Reproduce the full listing as it stands. Images do not belong in the copy.
========================================================================
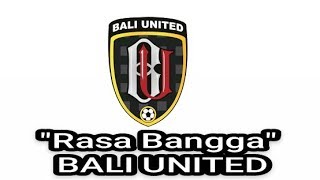 Download lagu RASA BANGGA 'Bali United' special anthem mp3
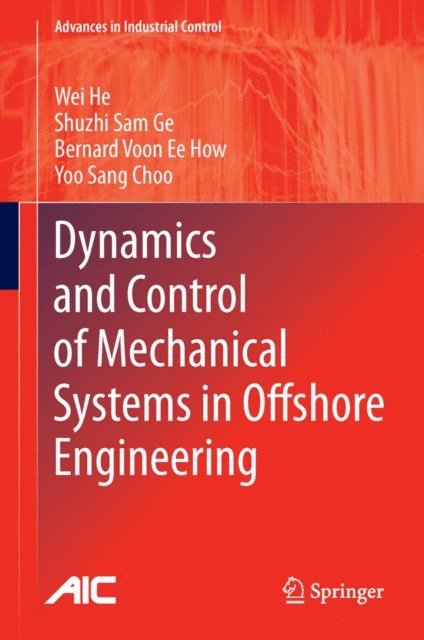 Yoo Sang Choo, Bernard Voon Ee How, Shuzhi Sam Ge, Wei He - Dynamics and Control of Mechanical Systems in Offshore Engineering, E-bok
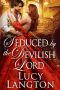 Seduced by the Devilish Lord · A Historical Regency Romance Book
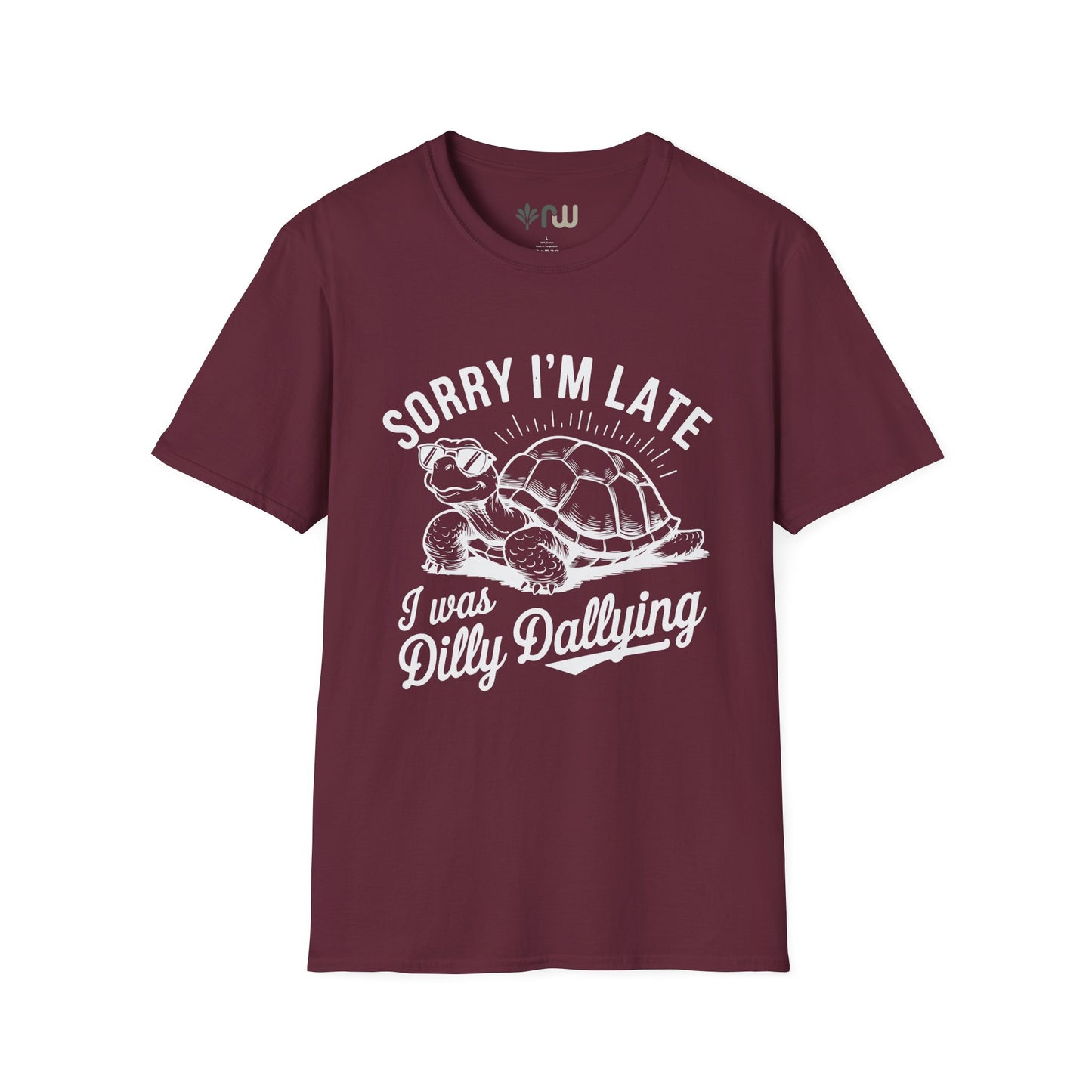 "Sorry I'm Late" - Softstyle T-Shirt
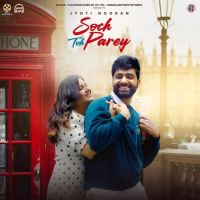 Soch Toh Parey Jyoti Nooran mp3 song free download, Soch Toh Parey Jyoti Nooran full album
========================================================================
EXERCISE RESPONSE »
 Download lagu RASA BANGGA 'Bali United' special anthem mp3
 Yoo Sang Choo, Bernard Voon Ee How, Shuzhi Sam Ge, Wei He - Dynamics and Control of Mechanical Systems in Offshore Engineering, E-bok
 Seduced by the Devilish Lord · A Historical Regency Romance Book
 "Sorry I'm Late" - Softstyle T-Shirt
 Soch Toh Parey Jyoti Nooran mp3 song free download, Soch Toh Parey Jyoti Nooran full album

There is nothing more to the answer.